We’re into the home stretch of our stats unit and I am looking to reflect upon our study of the normal distribution, yet look ahead at what’s to come – sampling and margin of error. The Rossman-Chance Applets provide some meaningful, interactive discussion starters in statistics. Today, as students entered, the Reeses Pieces sampling applet was drawing random samples of size 25 – displaying the results in a dotplot. Little by little, the dotplot took shape as more samples were drawn…until, eventually, an old friend made an appearance….
Hey, that’s the Normal Distribution! Why yes, yes it is…..isn’t it great that random samping reveals such a powerful statistical concept?
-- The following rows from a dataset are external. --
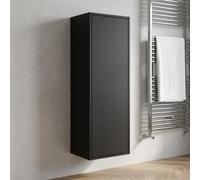 DecHome Colonna Bagno Sospesa 1 Anta 35x30,5x90 cm Nero Opaco - Push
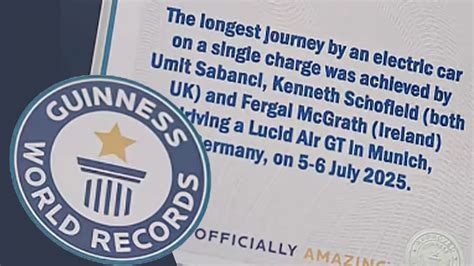 New record for EV driving distance on a single charge has been set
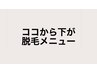 ↓ここから下が脱毛メニューです↓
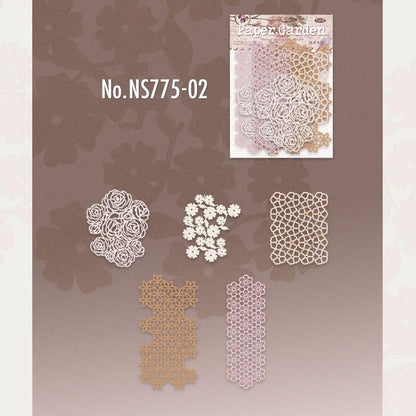 NS775｜網 ネット ステンシルシート 幾何学模様 ハート 装飾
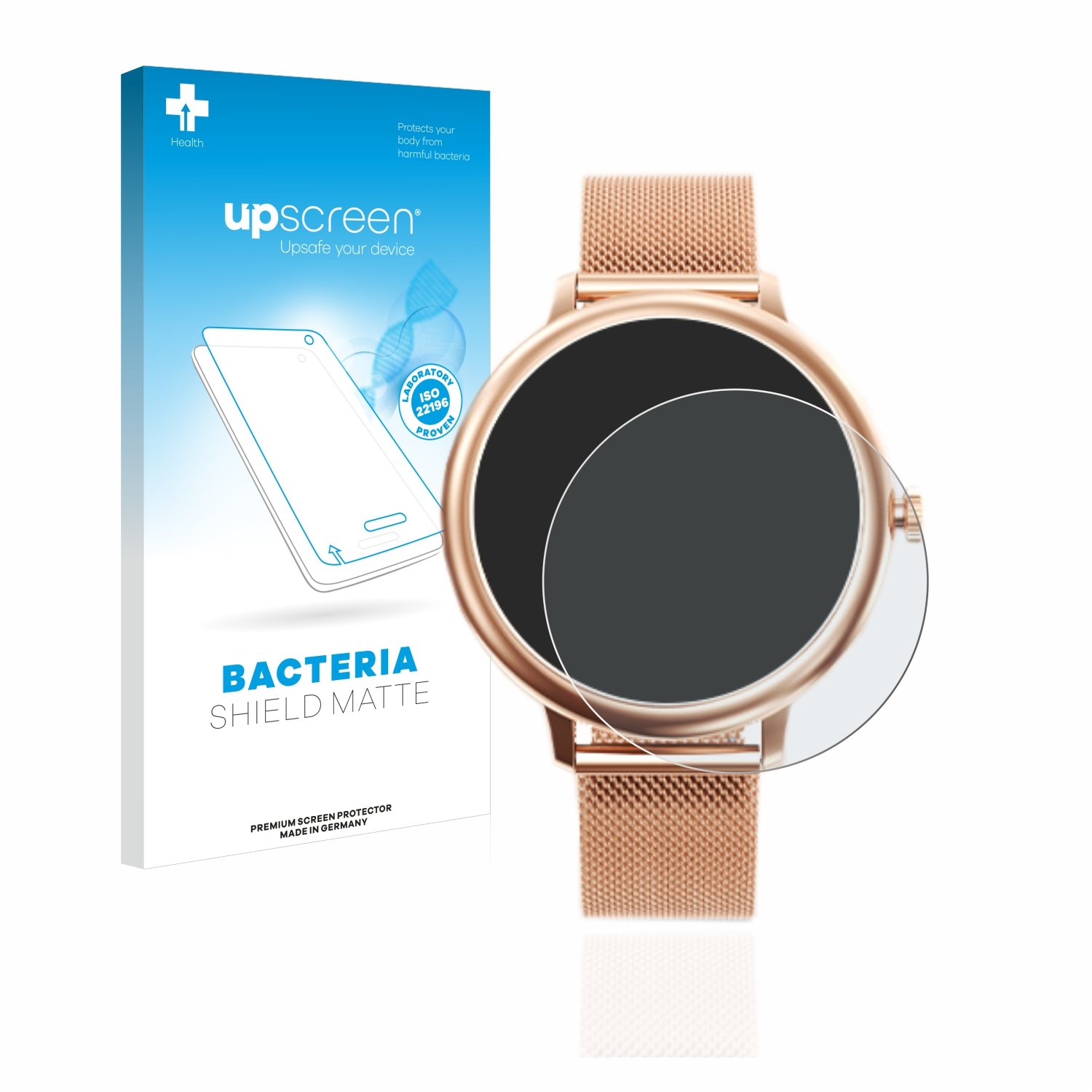 UPSCREEN antibakteriell entspiegelt Women\'s matte Schutzfolie(für Naixues Smartwatch (39mm)) 1.08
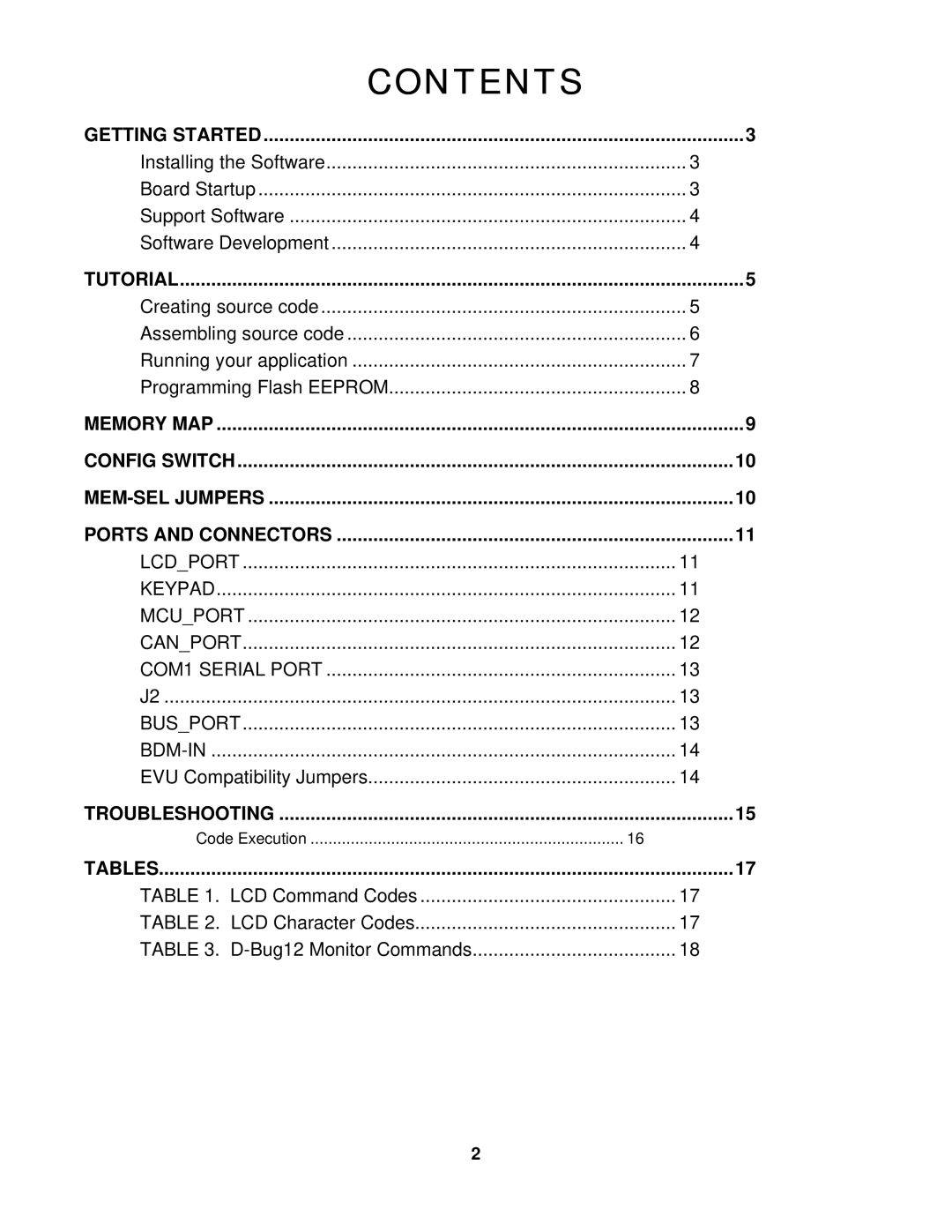 Motorola CME-12B/BC, 68HC12BC32, 68HC12B32 manual Contents 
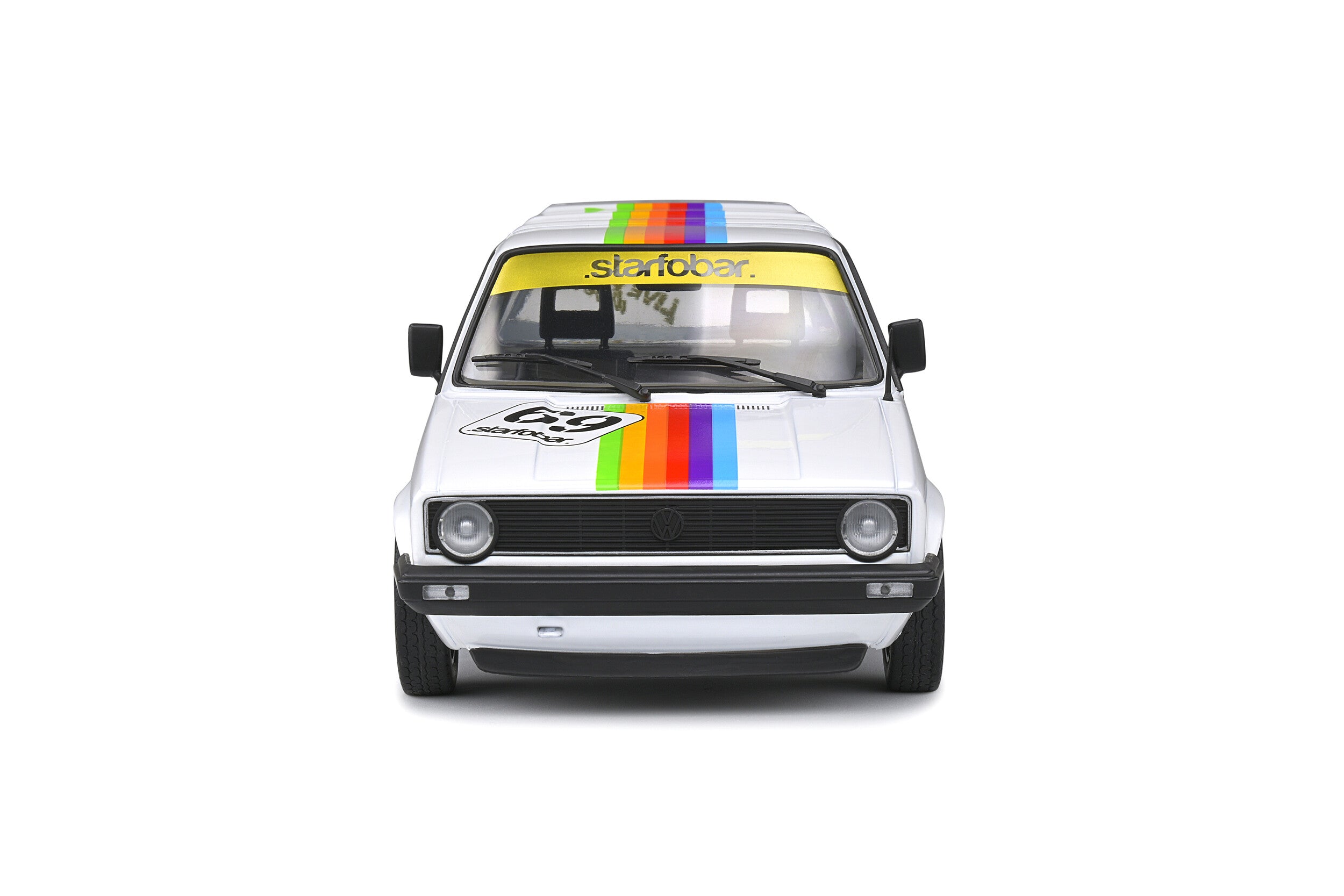 Solido Volkswagen Caddy MK1 Apple Computer Custom 1982 1:18 puertas abatibles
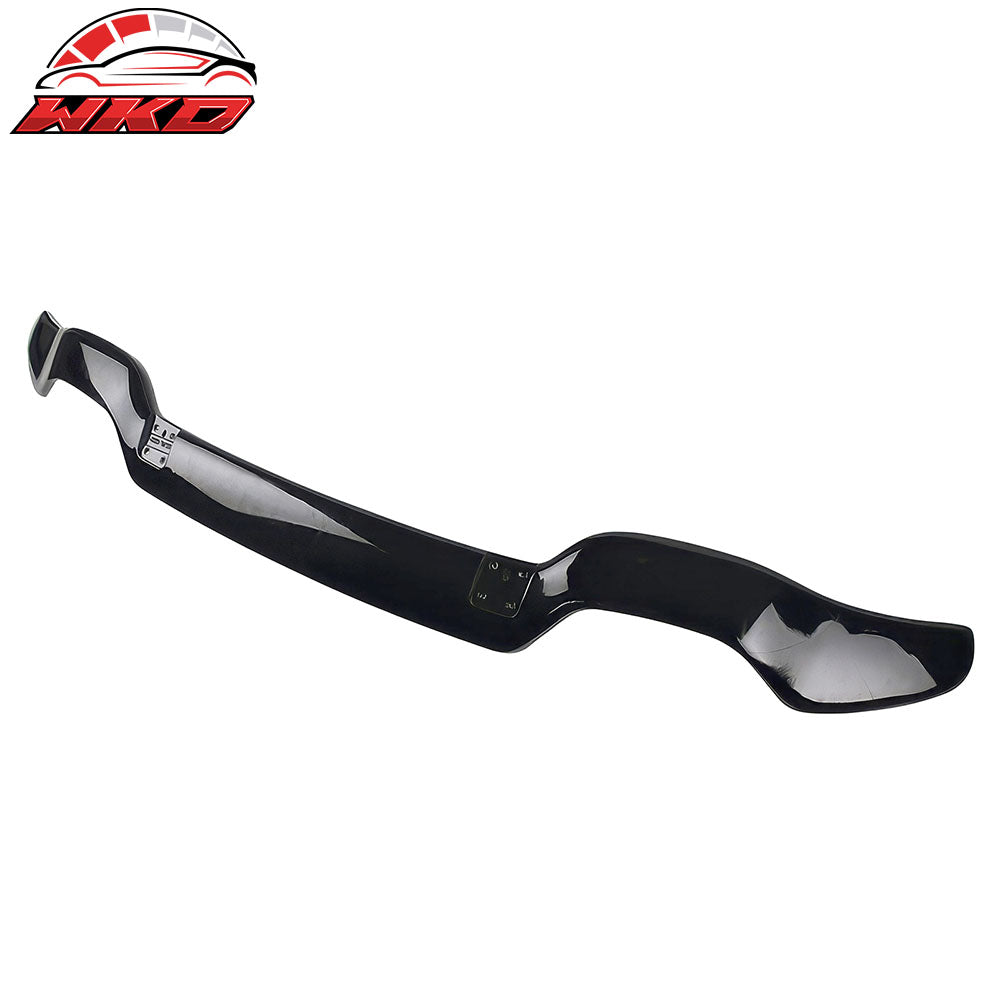 Fits 08-14 Subaru Impreza WRX 5DR STI Rear Bumper Lip Protector Gloss Black ABS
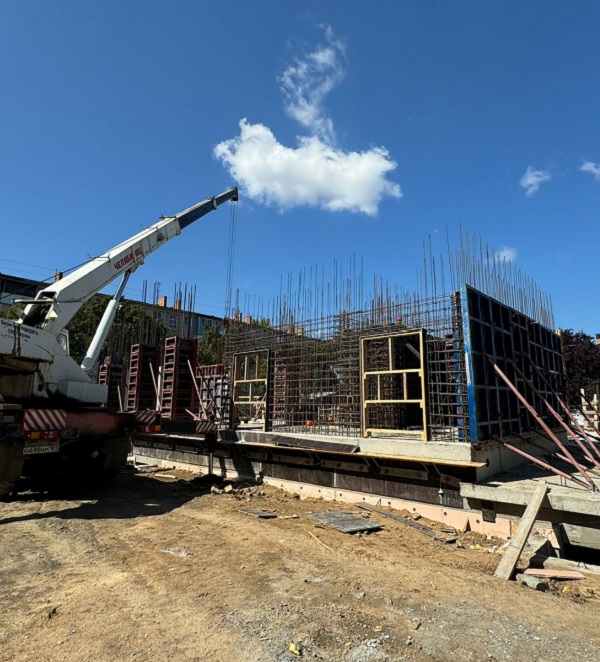 Строительство дома ЖК Богатырь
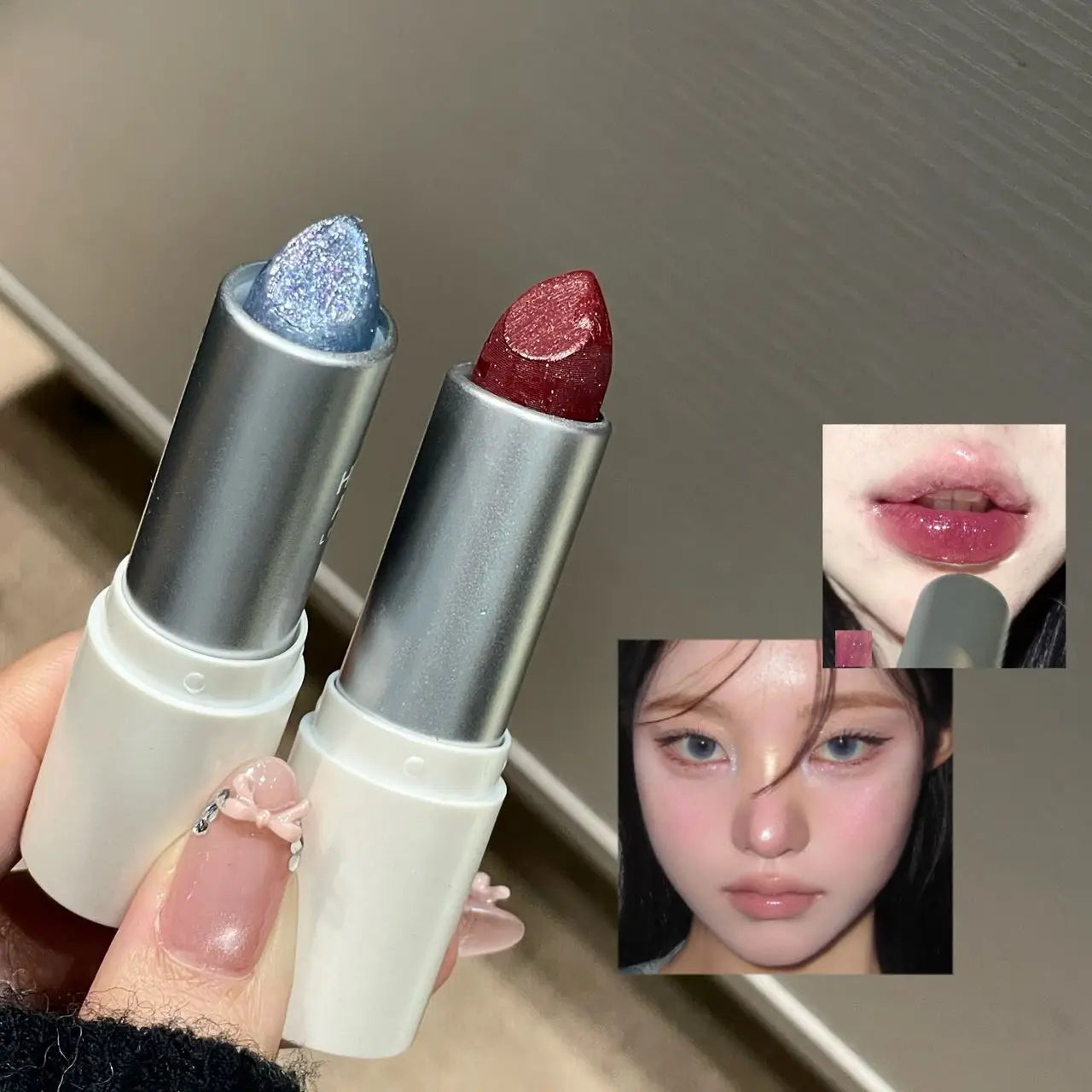 Silky Shimmer Lip Gloss High-Pigment Shine Hydrating Non-Sticky Long-Lasting Transfer-Proof Glossy Lip Makeup Daily
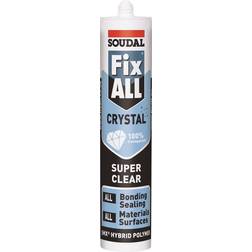 Soudal Fix All Crystal Adhesive & Sealant Super Clear 290ml 1pcs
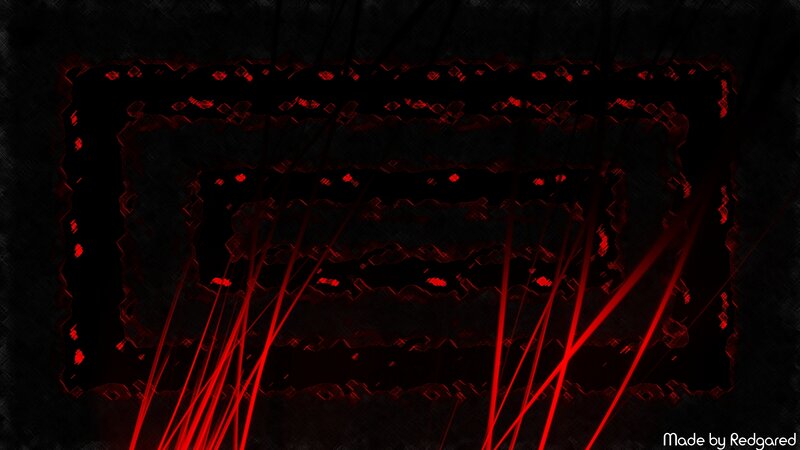 Red Laser Beams in Tunnel
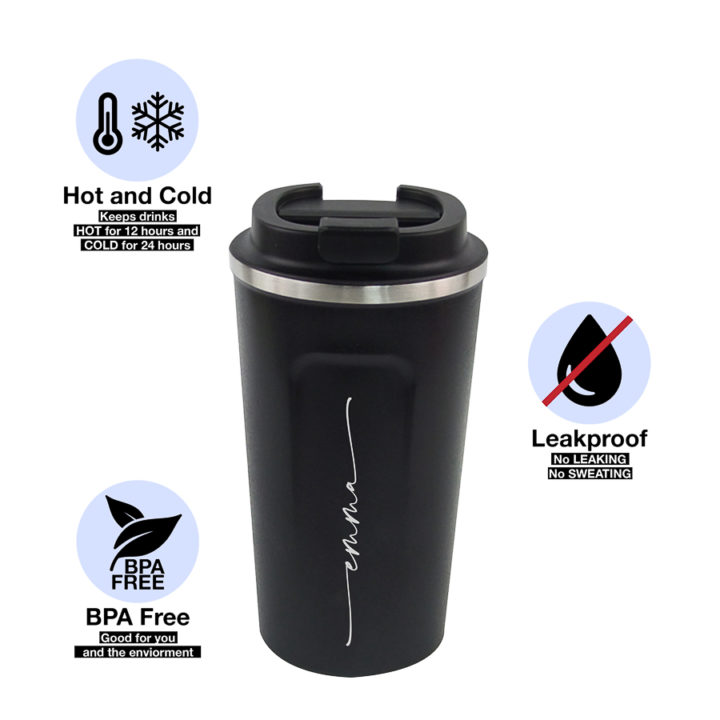 Personalized Stainless Steel Travel Coffee Mug - Image 2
But that’s not all. With election day approaching next week, we can start to build connections between random sampling, the normal distribution, and political polling. The parallels are strong, and we’ll talk about them within the next week.
- With sampling candy, there is a pre-existing proportion of “orange” candy. In a voting population, there is an existing proportion of people who will vote for a certain candidate.
- With candy, we can draw a random sample of candies. For a poll, we contact a random sample of potential voters.
- When we sample candy, sometimes we might get 50% orange, or 45 % orange, or 60% orange – variability is part of the game. In political polling, we try to estimate the poroportion who will vote for a candidate, and we hope to get close to the target. Margin of error gives us an idea of how close we are.
There are many other interesting discussions to be had surrounding the applets – try some with your classes. They aren’t just for AP kids!